India also fired warning shots at a Chinese patrol in a move it called a "serious military provocation" and a violation of their agreements, said China.
On the other hand, India on Tuesday rejected Chinese allegations of violating border agreements and accused Chinese troops of firing in the air during a face-off on their tense de facto border, reports Reuters.
"It is the PLA that has been blatantly violating agreements and carrying out aggressive manoeuvres, while engagement at military, diplomatic and political level is in progress," the Indian army said in a statement.
It said Chinese soldiers tried to close in on a forward Indian position in the Ladakh sector in the western Himalayas and when were met by Indian troops, the PLA fired a few rounds in the air.
The nuclear-armed rivals have been engaged in a tense standoff in the cold-desert Ladakh region since May.
Their defense ministers met Friday in Moscow in the first high-level direct contact between the sides since the standoff began.
China's western military command said the incursion occurred Monday along the southern coast of Pangong Lake in the area known in Chinese as Shenpaoshan.
On the Indian side, the area is known as Chushul where the two countries local military commanders have held several rounds of talks to defuse the tense standoff.

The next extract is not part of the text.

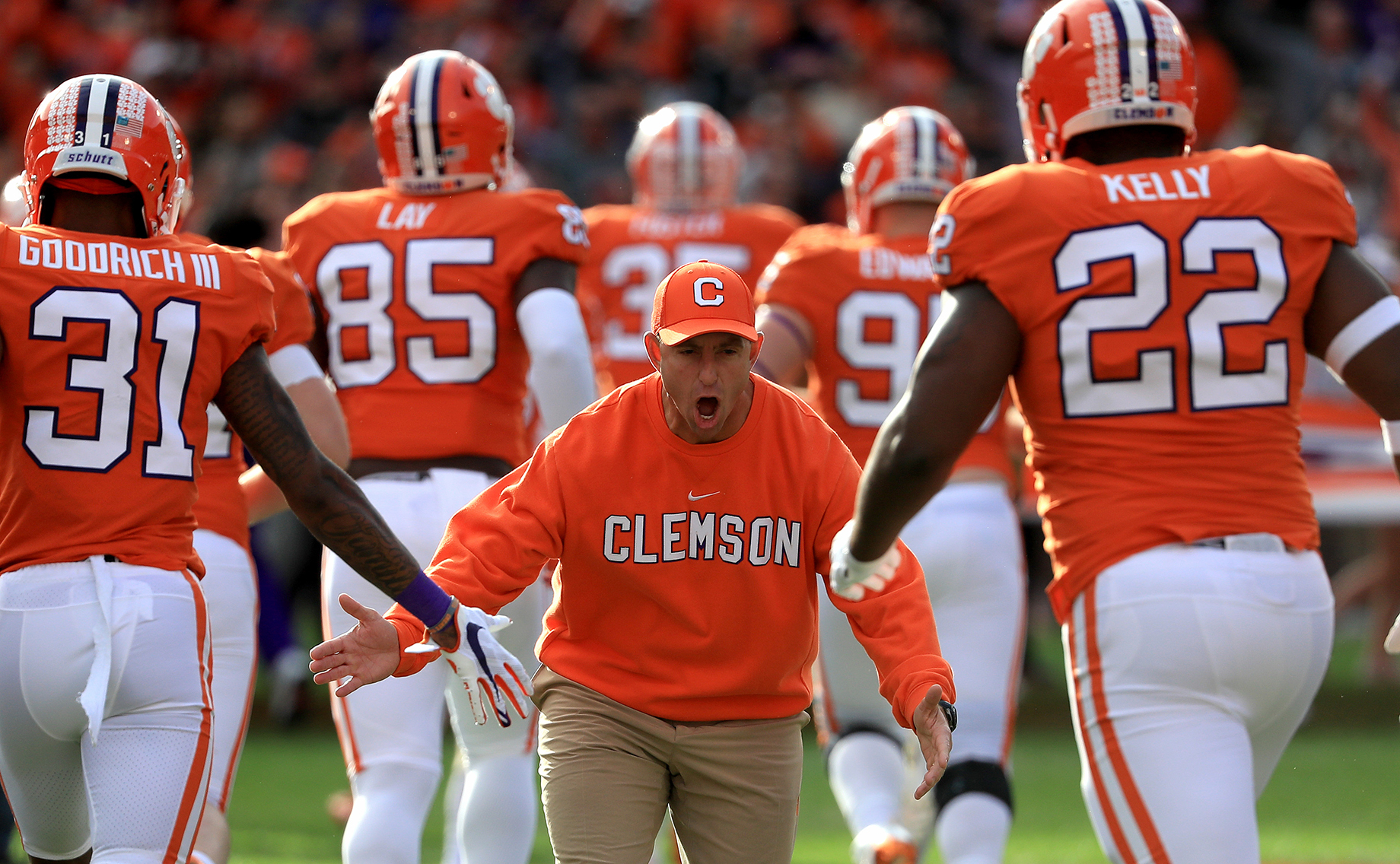 Head coach Dabo Swinney of the Clemson Tigers reacts with players before their game against the Wake Forest Demon Deacons at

After shots were fired, Chinese forces took "necessary measures to stabilize and control the situation," the command said, in the statement citing spokesman Zhang Shuili.
It demanded the Indian forces withdraw and investigate the move to open fire.
There was no word of casualties on either side.
Late last month, India says its soldiers thwarted the Chinese military's moves "to change the status quo" in violation of a consensus reached in past efforts to settle the standoff. In turn, China also accused Indian troops of crossing established lines of control.
The activity last month and on Monday were alleged to have occurred in Chushul area on the southern bank of Pangong Lake, a glacial lake divided by the de facto frontier and where the India-China faceoff began on its northern flank in early May.
The standoff escalated to a medieval, nighttime clash June 15 that was the deadliest conflict in 45 years between the nuclear-armed rivals. According to Indian officials, Chinese troops atop a ridge at the mouth of the narrow Galwan Valley threw stones, punched and pushed Indian soldiers down the ridge at around 4,500 meters (15,000 feet). India said 20 of its soldiers were killed, including a colonel. China did not report any casualties.
The disputed and undemarcated 3,500-kilometer (2,175-mile) border between India and China, referred to as the Line of Actual Control, stretches from the Ladakh region in the north to the Indian state of Arunachal Pradesh. According to China, the frontier is about 2,000 kilometers (1240-mile) and claims entire Arunachal Pradesh as its territory.
The nuclear-armed Asia giants fought a border war in 1962 that also spilled into Ladakh and ended in an uneasy truce. The two countries have been trying to settle their border dispute since the early 1990s, without success.
India unilaterally declared Ladakh a federal territory and separated it from disputed Kashmir in August 2019, ending its semi-autonomous status. The move further strained the relationship between New Delhi and Beijing, which raised the issue at international forums including the UN Security Council.
In a symbolic move amid soaring tensions, India has banned scores of Chinese-owned apps, including TikTok, citing privacy concerns that it said pose a threat to India's sovereignty and security.